Egg wash – a mixture of raw egg and milk, sometimes water which is used in the breading process. It can also be used to brush on the top of pastry before baking.

 

Emulsify – when you combine to liquids that have a natural tendency to separate, it is a process of emulsification. White wine vinegar and Olive oil dressing is an example. Mayonnaise is a good example of a Cold Emulsion Sauce.

 

Fold – when aerated ingredients such as whipped cream or whipped egg whites are incorporated into a heavier mixture, you gently “fold “in the whipped ingredients to preserve the overall lightness of a cold dessert or to improve the raising qualities of a batter used for a cake.

 

Garnish – a generally edible decorative addition used to present a dish or the process of doing the same.

 

Glazing – the usually glossy, sweet coating applied to cakes and pastries such as Donuts and Danish Pastries. The Austrian dessert Sachertorte is a good example of the use of a Chocolate glaze. Alternatively baked ham is generally glazed while a rich beef stock when greatly reduced forms thick syrup can be used sparingly on cooked vegetables and meat.

 

Julienne – an often used technique of cutting vegetables such as Carrots into long thin strips. Also a term used for other foods which can be cut into similar strips such as ham or crepes.

 

Mother Sauce – the  five sauces that were identified  as the foundation sauces of  French cuisine. They are Espagnole, Veloute, Bechamel, Tomate and Hollandaise.

 

Puree – the blending and sieving of fruits, vegetables and legumes is called a puree. A fruit puree with the addition of sugar is called a Coulis.
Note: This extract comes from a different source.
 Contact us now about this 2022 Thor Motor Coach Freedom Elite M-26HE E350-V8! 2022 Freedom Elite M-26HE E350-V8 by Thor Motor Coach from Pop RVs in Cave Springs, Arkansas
A puree of spiced and cooked Chick peas is called Hommus.

 

Reduction – this is the process of evaporating liquid (water) by simmering or boiling a stock or sauce to concentrate the flavour.

 

Roux – a combination of fat and flour, which is cooked and used to thicken sauces, stews and soups.

 

Skimming – As stews, stocks and sauces simmer or boil, impurities and fats may rise to the surface. These can be removed with a shallow spoon or ladle.

 

Baking –General notes

Many years ago, when I was an apprentice chef, I naturally had exposure to all types cookery methods. I ended up specialising in sauces, which in large establishments was regarded as core part of the kitchen. Two other sections were of equal importance. One was the cold kitchen or “garde manger” the other was the pastry kitchen. Enjoying the fruits of the pastry chefs labour (unfortunately) was a favourite pastime of mine, but it was generally a reciprocal relationship.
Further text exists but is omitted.